Which lines in the records below contain the word "Santa"? Copy each one.

Start of Entries shown

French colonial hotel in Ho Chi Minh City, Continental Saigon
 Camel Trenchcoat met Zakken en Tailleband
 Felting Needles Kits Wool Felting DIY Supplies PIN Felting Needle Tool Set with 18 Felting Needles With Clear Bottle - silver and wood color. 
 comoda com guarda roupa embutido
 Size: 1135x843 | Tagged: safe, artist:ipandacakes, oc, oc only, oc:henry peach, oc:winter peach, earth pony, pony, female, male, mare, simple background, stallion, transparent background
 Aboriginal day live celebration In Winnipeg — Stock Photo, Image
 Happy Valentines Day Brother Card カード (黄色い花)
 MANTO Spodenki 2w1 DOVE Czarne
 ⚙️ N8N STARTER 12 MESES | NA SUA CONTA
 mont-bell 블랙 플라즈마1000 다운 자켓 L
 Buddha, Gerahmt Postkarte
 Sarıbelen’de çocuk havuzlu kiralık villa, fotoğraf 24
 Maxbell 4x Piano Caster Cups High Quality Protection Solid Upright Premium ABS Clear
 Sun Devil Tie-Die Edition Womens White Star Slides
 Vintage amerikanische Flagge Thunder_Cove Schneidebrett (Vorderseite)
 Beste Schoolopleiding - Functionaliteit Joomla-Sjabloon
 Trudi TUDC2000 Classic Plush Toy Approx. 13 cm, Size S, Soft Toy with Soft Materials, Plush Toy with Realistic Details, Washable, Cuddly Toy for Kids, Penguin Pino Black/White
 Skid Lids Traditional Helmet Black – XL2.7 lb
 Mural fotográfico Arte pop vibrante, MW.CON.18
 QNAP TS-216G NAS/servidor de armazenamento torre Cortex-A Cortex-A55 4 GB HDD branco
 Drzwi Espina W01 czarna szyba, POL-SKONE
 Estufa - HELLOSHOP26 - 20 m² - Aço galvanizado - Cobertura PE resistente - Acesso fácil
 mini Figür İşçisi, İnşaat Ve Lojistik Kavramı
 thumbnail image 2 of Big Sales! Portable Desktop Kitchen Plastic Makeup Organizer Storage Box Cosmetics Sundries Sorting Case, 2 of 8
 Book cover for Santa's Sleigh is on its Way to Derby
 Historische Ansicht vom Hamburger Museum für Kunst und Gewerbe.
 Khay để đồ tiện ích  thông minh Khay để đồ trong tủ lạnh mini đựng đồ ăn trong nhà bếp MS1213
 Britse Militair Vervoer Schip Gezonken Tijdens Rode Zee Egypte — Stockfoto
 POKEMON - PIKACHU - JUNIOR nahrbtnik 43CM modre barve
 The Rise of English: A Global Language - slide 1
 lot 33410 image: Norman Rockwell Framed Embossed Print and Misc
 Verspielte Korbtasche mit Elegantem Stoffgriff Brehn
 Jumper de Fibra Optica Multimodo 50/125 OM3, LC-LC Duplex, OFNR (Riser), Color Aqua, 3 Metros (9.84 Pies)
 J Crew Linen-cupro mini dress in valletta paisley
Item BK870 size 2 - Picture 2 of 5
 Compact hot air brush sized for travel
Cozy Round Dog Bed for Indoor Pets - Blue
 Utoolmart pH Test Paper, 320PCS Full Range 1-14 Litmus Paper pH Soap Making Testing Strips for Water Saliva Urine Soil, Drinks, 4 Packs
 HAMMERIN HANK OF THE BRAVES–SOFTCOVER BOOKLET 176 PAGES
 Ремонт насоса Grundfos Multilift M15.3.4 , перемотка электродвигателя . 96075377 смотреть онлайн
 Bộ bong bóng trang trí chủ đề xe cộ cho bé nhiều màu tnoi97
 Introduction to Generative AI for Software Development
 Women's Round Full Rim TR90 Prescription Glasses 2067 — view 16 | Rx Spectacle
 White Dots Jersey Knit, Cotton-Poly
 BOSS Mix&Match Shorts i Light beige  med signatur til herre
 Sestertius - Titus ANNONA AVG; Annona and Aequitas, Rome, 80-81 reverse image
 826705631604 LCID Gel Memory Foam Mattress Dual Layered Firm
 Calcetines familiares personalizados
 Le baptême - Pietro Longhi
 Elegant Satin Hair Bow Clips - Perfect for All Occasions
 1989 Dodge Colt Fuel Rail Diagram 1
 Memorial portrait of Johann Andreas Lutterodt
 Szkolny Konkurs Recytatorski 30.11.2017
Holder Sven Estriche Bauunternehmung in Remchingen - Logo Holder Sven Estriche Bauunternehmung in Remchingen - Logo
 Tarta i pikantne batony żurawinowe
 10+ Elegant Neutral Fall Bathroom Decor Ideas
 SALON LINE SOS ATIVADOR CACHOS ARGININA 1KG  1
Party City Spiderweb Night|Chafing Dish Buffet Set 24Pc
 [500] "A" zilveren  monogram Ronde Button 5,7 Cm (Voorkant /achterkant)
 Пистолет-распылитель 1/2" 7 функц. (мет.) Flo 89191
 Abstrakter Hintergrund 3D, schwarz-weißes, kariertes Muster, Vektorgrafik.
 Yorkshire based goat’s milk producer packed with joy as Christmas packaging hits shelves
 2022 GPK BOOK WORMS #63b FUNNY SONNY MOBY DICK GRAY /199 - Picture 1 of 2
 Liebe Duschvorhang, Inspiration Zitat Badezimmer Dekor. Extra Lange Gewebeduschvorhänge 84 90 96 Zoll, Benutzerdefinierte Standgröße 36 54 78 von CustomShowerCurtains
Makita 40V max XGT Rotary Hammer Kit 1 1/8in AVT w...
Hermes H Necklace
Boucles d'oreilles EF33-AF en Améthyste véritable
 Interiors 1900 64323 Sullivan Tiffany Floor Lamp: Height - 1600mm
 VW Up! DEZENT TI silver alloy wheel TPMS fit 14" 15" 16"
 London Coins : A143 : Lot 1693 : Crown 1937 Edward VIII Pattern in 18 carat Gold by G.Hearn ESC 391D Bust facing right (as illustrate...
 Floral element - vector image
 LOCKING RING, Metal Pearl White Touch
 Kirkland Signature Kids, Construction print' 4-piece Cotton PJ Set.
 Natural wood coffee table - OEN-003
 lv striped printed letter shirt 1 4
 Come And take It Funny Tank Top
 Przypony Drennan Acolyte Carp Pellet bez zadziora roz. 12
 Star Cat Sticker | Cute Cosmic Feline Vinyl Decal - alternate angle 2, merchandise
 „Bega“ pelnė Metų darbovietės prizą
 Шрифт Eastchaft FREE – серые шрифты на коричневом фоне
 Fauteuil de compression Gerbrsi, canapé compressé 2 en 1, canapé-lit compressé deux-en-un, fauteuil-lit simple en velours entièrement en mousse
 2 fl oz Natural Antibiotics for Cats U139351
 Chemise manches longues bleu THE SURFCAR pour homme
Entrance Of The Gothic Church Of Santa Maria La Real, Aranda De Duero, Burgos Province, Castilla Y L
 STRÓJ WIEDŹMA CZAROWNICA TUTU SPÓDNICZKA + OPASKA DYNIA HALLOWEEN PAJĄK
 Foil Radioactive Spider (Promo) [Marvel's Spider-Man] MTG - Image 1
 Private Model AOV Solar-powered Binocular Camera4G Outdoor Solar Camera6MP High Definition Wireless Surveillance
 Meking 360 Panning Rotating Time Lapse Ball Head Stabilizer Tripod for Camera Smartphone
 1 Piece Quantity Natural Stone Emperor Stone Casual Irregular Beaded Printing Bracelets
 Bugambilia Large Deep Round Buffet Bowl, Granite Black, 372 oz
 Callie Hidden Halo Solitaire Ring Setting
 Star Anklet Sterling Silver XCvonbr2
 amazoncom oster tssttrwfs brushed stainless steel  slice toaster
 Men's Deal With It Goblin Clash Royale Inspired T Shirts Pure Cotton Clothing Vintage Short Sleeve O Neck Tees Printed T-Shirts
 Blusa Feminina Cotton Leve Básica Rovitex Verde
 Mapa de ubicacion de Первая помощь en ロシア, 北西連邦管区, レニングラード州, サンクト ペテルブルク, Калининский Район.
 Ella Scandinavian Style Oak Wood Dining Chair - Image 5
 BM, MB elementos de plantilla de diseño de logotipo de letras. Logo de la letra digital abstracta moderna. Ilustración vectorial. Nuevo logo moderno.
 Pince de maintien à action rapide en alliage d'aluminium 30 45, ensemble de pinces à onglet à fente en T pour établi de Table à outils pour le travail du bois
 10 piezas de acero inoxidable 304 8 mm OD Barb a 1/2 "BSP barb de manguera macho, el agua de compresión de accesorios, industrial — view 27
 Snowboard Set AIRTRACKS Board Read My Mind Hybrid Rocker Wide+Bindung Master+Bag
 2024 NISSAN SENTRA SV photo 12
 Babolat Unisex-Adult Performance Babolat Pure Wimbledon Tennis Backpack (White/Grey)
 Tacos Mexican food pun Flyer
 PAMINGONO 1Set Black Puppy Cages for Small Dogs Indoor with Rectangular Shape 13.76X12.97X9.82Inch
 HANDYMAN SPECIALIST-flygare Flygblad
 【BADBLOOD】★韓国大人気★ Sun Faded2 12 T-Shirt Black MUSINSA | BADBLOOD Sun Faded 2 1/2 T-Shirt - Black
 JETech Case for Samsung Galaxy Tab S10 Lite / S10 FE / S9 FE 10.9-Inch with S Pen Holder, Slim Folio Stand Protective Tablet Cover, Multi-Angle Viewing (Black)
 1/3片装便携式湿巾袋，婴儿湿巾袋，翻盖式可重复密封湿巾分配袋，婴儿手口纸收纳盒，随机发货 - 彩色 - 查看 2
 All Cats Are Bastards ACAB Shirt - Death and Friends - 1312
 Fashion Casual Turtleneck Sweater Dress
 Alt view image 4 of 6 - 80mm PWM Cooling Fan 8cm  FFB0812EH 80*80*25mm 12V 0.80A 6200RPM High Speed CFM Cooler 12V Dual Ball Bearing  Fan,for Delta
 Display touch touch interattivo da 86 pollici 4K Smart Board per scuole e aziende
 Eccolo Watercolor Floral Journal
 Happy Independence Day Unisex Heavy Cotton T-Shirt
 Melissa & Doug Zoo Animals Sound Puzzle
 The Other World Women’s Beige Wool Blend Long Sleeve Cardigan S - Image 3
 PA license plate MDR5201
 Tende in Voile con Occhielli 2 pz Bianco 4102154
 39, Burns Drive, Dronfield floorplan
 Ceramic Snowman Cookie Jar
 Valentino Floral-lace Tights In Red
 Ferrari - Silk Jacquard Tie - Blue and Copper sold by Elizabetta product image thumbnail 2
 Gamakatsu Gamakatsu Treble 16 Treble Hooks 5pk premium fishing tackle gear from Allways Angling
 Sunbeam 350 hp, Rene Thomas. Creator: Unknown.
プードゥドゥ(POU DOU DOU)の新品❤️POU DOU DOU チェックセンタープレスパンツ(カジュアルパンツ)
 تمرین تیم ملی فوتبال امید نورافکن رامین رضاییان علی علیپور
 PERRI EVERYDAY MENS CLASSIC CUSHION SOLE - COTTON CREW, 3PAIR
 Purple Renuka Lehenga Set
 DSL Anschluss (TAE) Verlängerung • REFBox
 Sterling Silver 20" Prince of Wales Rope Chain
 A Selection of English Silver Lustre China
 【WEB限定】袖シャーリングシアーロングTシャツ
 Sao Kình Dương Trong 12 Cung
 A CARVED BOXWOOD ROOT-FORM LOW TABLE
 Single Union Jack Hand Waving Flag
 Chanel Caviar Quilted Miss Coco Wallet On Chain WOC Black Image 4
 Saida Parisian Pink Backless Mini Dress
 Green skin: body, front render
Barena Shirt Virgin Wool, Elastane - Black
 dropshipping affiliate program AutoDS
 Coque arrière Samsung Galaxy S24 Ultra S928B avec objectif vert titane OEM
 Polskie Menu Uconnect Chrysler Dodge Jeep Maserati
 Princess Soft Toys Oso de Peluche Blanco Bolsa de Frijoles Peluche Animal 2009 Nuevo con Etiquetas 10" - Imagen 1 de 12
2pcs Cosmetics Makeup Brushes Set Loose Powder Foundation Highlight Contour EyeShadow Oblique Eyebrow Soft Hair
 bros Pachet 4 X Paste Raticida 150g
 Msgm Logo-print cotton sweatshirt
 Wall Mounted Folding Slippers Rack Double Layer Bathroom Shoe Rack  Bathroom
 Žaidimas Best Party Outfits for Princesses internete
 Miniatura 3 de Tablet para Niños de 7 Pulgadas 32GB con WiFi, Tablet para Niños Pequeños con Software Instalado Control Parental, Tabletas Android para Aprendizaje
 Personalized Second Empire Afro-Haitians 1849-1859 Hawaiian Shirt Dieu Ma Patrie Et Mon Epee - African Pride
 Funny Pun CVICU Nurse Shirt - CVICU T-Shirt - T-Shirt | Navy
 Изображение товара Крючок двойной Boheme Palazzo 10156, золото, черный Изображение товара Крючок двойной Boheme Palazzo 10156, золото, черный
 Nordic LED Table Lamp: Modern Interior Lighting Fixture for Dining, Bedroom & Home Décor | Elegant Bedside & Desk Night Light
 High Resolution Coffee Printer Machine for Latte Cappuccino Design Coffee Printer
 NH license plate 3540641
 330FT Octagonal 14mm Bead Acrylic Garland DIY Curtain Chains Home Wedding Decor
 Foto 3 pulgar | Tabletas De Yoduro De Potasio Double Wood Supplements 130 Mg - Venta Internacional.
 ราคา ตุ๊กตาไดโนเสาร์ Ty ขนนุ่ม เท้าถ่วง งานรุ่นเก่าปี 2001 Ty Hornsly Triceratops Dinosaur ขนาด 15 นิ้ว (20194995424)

End of Entries shown

● **Exercise output**:
 Book cover for Santa's Sleigh is on its Way to Derby
Entrance Of The Gothic Church Of Santa Maria La Real, Aranda De Duero, Burgos Province, Castilla Y L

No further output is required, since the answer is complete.